I didn't bother with Robin II, as that mini-series' hideous multi-cover over-printing is still a sore-spot with me, and I paged through Batman Adventures simply to admire the art of Mike Parobeck, but by that time my children required attention, so I left them.

As I think about all of the New 52 issues and series that seemed interesting enough to try (few) and those with which I've stuck (far between) and those I'd let my children read (none), I miss those sweet-spot comics like Adventures of Superman #501:  truly entertaining for all ages.  Where have they gone?

Wednesday, July 25, 2012

Switching from Android to iPhone 04: Second Impressions

So, yeah... I'm switching from Android to iPhone.  I kind of thought I'd keep a little journal of what the switch is like and whether I'm likely to stick with it.

Second Impressions
And so ends my first day of using the iPhone. I don't think the second day was as revelatory as the first, but here's what I noticed:
  1. Syncing over wifi might actually be easier on iOS after all.  I turned my computer on and started iTunes so that I could listen to music.  With absolutely no prompting from me, iTunes found the iPhone and synced with it.  I don't know how well that will work repeatedly, but that was pretty darned awesome.  Yesterday it seemed buggy.  Who knows?
  2. It seemed like I went through the battery quickly.  I have my brightness turned way down, but I know the iPhone can chew through cellular data very quickly.  I've apparently chewed through 20MB already TODAY.  Well, that's not going to continue.  I've just turned off cellular data.  I can connect when I need to by turning it back on.  Still, that's a bit disturbing, as I have used no more than 100MB per month in the past two years.
  3. I realize that music listening is strongly subjective (which is why HydrogenAudio makes such a big deal of requiring double-blind tests), but I'd swear that my music sounded better in the car.
  4. At the same time, this particular case (the Ballistic one) has a small and inflexible hole over the 3.5mm headphone jack.  I had to buy several cords at both Best Buy and Target before I found one that has a small enough "grip" to fit through the hole.  Now I get to go take the others back tomorrow.  (I use a double-male 3.5mm cord to connect to the AUX jack in my minivan.)
  5. Siri isn't nearly as cool as I thought she would be, even if she does call me "Batman."
  6. I took some photos and videos with the camera, and as I write this I'm realizing I don't know how to get them off the iPhone.  I thought I'd told iTunes to sync photos, but apparently that's not what "syncing photos" means.  I'm off to Google how to do this, since it's not patently obvious to me...
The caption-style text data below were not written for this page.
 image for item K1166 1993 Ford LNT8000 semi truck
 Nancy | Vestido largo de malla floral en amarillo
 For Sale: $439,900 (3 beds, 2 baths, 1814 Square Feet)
    Oh, well.  I didn't realize that the iPhone would actually deign to show up in Windows Explorer as a camera.  There those photos and videos are.  That took all of thirty seconds to figure out.  Hooray.  Now, let's see how they look...

    Meh.  Blurry despite good lighting and tap-to-focus.  Color still seems washed out.  I guess I won't be replacing my point-and-shoot anytime soon for "important" photos.  What a disappointment.
Well, other than the annoyance of having to redownload all my content for the various apps (Nook, Audible, etc.), it sure seems like I've got a smartphone.  I have to say that it's not as "cool" as I'd hoped it would be.  It's not like I expected an iPhone to solve all my problems and make me popular or anything, but the feeling of "I don't have an iPhone and I'm missing out" that I've had for all this time seems to have been false.  It's a good smartphone, but it's not head-and-shoulders above modern Android, even if it is smoother than my two-year-old Samsung Captivate.
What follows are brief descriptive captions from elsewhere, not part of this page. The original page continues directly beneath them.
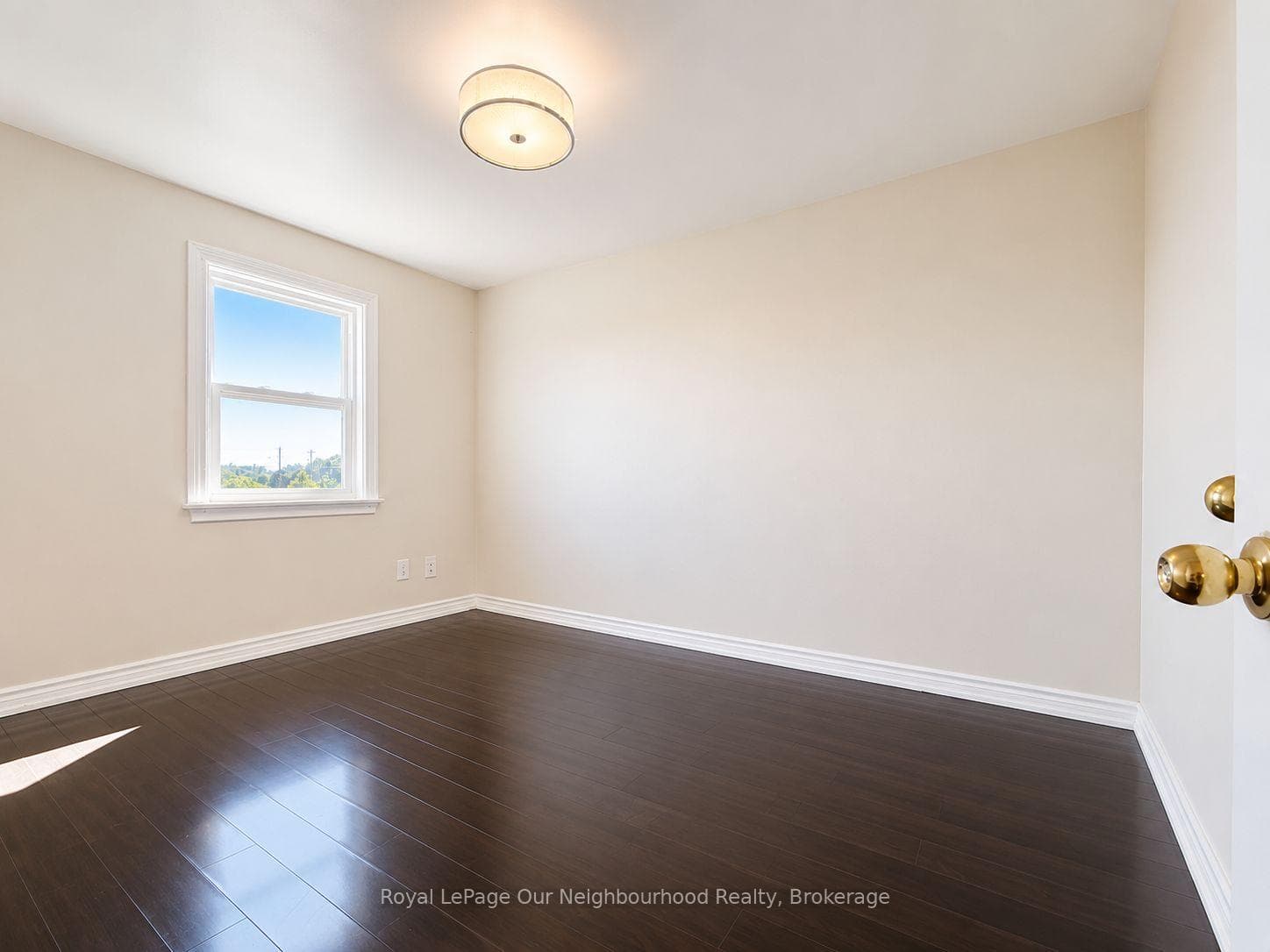 728 Weston Road photo 11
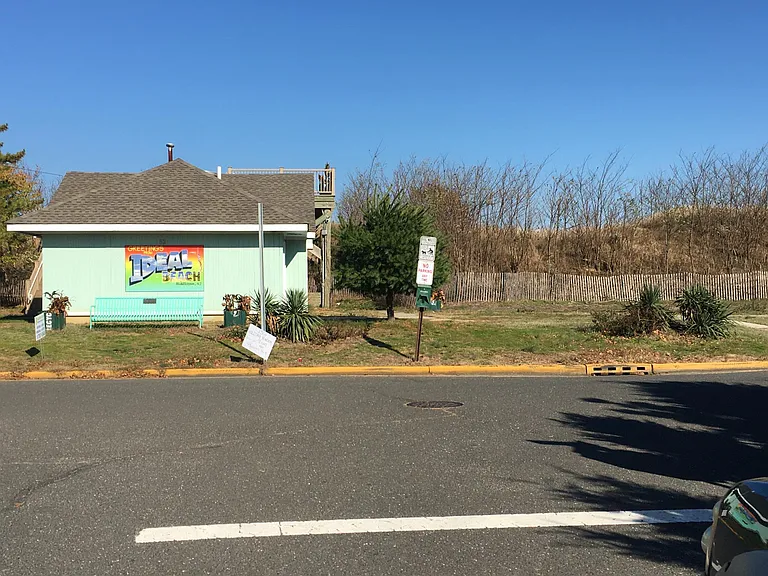 entrance to ideal beach 2 blocks away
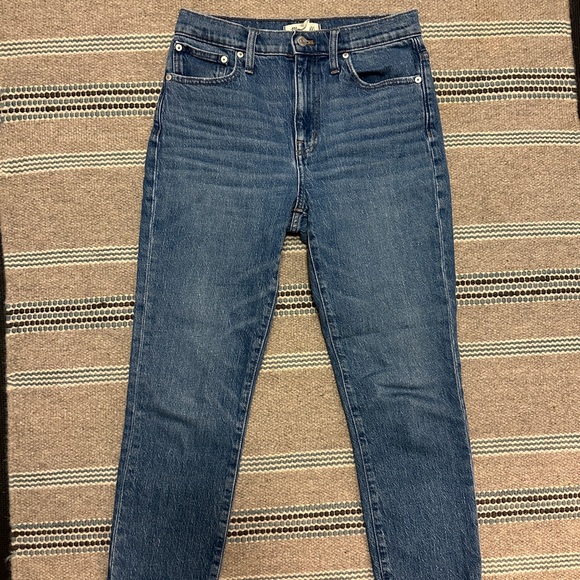 Madewell High-Rise Slim Boyjean in Laverne Wash - Picture 2 of 4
Now, I know some of you are out there reading.  Any thoughts or comments would be appreciated.

Switching from Android to iPhone 03: First Impressions

So, yeah... I'm switching from Android to iPhone.  I kind of thought I'd keep a little journal of what the switch is like and whether I'm likely to stick with it.

First Impressions
I've never owned an iPhone before, and I've always felt like a have-not because of it.  When they first arrived in 2007, they were WAY too expensive and too small in capacity, and I wasn't on AT&T anyway.  My wife got me an iPod Touch for Christmas that year (best present ever, BTW, because I wanted it so bad and didn't expect it at all), and that mitigated the lack of iPhone in my life.  Then, in 2010, the deal on Android was just too good to pass up, as previously discussed.

So here I am, getting an iPhone, and here's what I did and what I noticed:

  1. I put on a screen-protector and a rather bulky "ballistic" case.  Hey, the case was on clearance for $6 and I didn't have to wait for eBay.  I'm super paranoid about cases, especially after the dire warnings from the guy at AT&T when I didn't buy the insurance.
  2. With the case on, the phone's actually rather bulky.  I prefer the feel of my Galaxy S with its uber-cheap silicone eBay case.
  3. Syncing over wi-fi isn't as easy as it is with iSyncr WiFi.  However, cabled syncing is much easier and faster.  (That's not a knock on iSyncr, as iTunes + iPhone is a native connection.)
  4. I need several fewer icons on my home screen in iOS.  Instead of two browsers, two or three different email icons, an "Apps" button, etc., the iOS screen is far more streamlined.  Of course, that streamlining comes with a corresponding lack of choice, so...  Still, Safari works great.  iOS-native email works great with Yahoo!, which the Gingerbread client doesn't.
  5. Notifications are better on Android.  I can see that already.
  6. There isn't much context-sensitive stuff in iOS.  I miss the menu-button.
  7. I love being able to adjust my home-screen in iTunes so that I can use the mouse.
  8. I dislike having the icons automatically arranged for me.  Why can't I turn that off?  I like my custom-arrangements in Android.
  9. Why no widgets?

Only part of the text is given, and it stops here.